Saturday, October 10, 2015

adop fs_clone fails with error - The following nodes are not in sync

Issue:
EBS Application is multi node setup and a patch has been applied by DBA from Primary node using adop with hotpatch option. The patch is successful in one node and failed on other node. This is not observed by the DBA and he proceeded with other patch as well and that has also failed on second node.

DBA identified the issue on secondary node and fixed the issue with second node.

DBA fixed issue on Node2 and tried to apply patch on Slave node with allnodes=no

adop phase=apply patches=20012197 workers=8 hotpatch=yes allnodes=no action=nodb

adop returned successfully updated that Patch is successfull.

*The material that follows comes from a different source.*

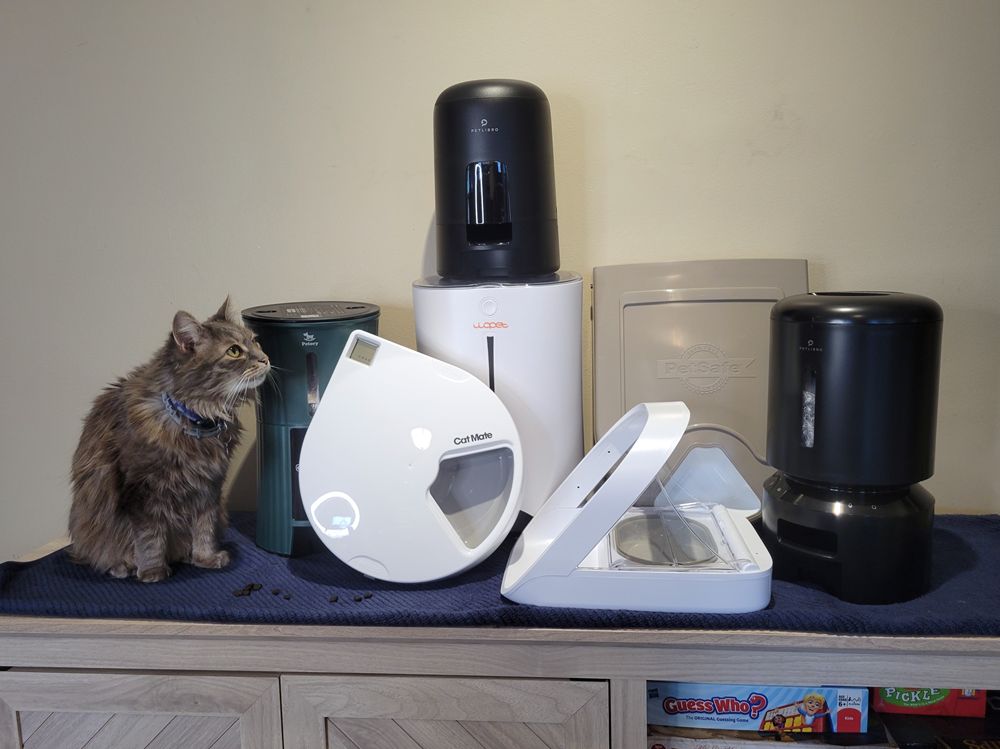 An application scenario or product detail of cat with automatic feeder - Image 2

Now we need to sync the filesystems and tried to fs_clone on all nodes as below.

$ adop phase=fs_clone

Unfortunately fs_clone has failed with below errors..
Checking for pending adop sessions...
    No pending session exists.
    Staging new adop session...
    [UNEXPECTED]The following nodes are not in sync : oraapp02    Please bring the nodes in sync and then continue    [UNEXPECTED]Unrecoverable error occured. Exiting the current session.


DBA Tried to run prepare/cleanup and none of them helped.. all these got failed.

Solution:

Even though patch has been applied on failed nodes and it showed as successfull. ADOP activity didn't updated patchrun_id in table AD_ADOP_SESSION_PATCHES.
Below is the output seen:
select bug_number, patchrun_id, node_name from  AD_ADOP_SESSION_PATCHES where bug_number in ('20126243')
BUG_NUMBER                     PATCHRUN_ID            NODE_NAME                      
------------------------------ ---------------------- -------------------------------
20126243                       24398                  oraapp01                     
20126243                       -1                  oraapp02                     
   
Based on output patchrun_id for oraapp02 should be 24398 instead it is showing as "-1".

Before are two solutions to fix this issue:

Sol 1: 
If Patch that is applied is a small oneoff patch try applying patch on all nodes with force option & nodbportion as below

$ adop phase=apply  patches=20126243 workers=8 hotpatch=yes options=forceapply,nodatabaseportion

This step will update patchrun_id in table AD_ADOP_SESSION_PATCHES

Sol 2: 
Manually update patchrun_id for node 2 as value same as that of node1
SQL> update table AD_ADOP_SESSION_PATCHES set patchrun_id=24398 where bug_number='<bug_number>' and session_id='<adop_sess_id>' and node_name='oraapp02';
SQL> commit;

Run fs_clone now.